I not sure how much I like the concept of the maintenance function existing with a large update stuffed into it. I don't know if that is really OO, or just trying hard to look like it. I have come to the conclusion that using objects does not necessarily mean your programming is object oriented. In fact, I have seen some very procedural Java code which "uses objects". Regardless, my main concern is just the duplication of code. I touched on additional processing that might need to happen like archiving and such. I don't like to have code in two places that does the same things. To combat that, I have found myself writing procedures capable of handling 1 OR MORE records being inserted or updated. Then the same proc can handle a single update with the same code it handles 10 updates with. MSSQL's XML capabilities can be really handy for passing in a "set" of data in a single call.
As far as triggers, I don't know if I like them for the most part on a matter of principle. (There are some places to do like to use them-- like audit tables) Maybe I think I've just seen them abused. I've seen a sort of lowest-common-denominator develop in databases where certain large amounts of business logic in a lower tier of your application sort of invites (or requires) other logic to that level. Let's say you E-mail outstanding account payables to accounting every time you cancel the order. Your DBA's first solution might be to place a trigger on the orders table and send the E-mail from there so you can be guaranteed it always happens. Immediately problems arise though. Now you have no immediate way of firing that event from a higher tier in your app based off of other criteria, your trigger does not have access to any other business logic written in a CF or Java layer, and your Database is sending out E-mails. Ewww. (I've also come to the conclusion that "just because you can doesn't always mean you should") The whole mess of logic just sounds like something the business objects should deal with, not the database. I guess I'm a bit of an idealist though.
At any rate, I kind of like Dan's idea to have a mechanism that keeps track of the data needing updated and updating it all at once. It could get a little complicated though-- I'll have to mull over it a bit.

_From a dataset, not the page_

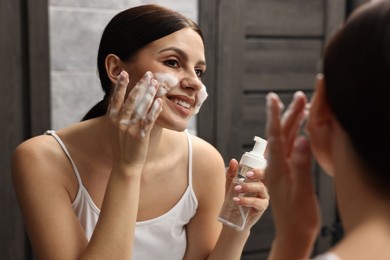 Photo of Woman washing her face with cleansing foam near mirror in bathroom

I also agree with you Peter that there is always a trade off and you should stick with what makes the most sense in your situation. That's why I like to hash over these scenarios and get ideas so I better armed to code smartly and efficiently. Thanks again guys.
Jeff Moden
>>(Brad Wood said in the article) But your business logic doesn't belong in the database though. No, you deal only with objects.
That's a very common misconception. Business logic is the nebulous layer of code that straddles both the Presentation Layer and the Data Layer. Think of "constraints" on a table to ensure NULL values aren't entered or Foreign Keys that guarantee that some other item already exists prior to entry of a new item somewhere. Patently, that's business logic in the Data Layer.

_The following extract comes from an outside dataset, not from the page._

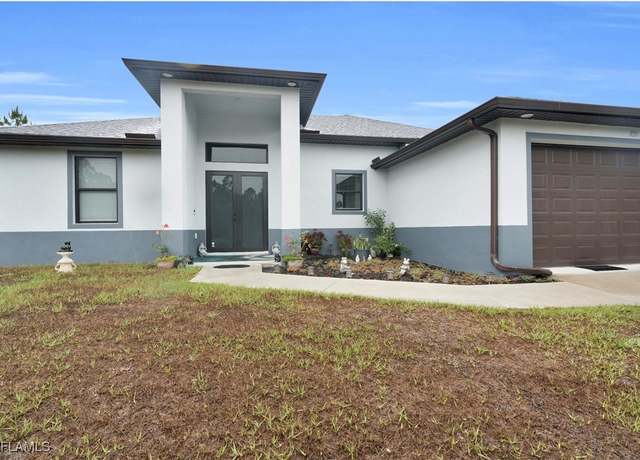 Property at 821 Greenwood Ave, Lehigh Acres, FL 33972, 3 beds, 2 baths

A requirement to completely fill out one screen before proceeding to the next screen is a business requirement enforced by the Presentation Layer.
There is no limit on where Business Logic should actually live. You have to put the Business Logic where it will be most effective.
>>(Dan Wilson said) Perhaps the question is less about OOP vs RBAR and more about designing the right object.
Precisely and well said. Lot's of people forget that there are two types of work that may need to be kicked-off by the Presentation Layer... things that are necessarily "Record" oriented and things that are "Column" or "Set" oriented. If it's "Set" oriented, then there should be an "object" to handle the work on the "Set" and that “object†should be call to a stored procedure.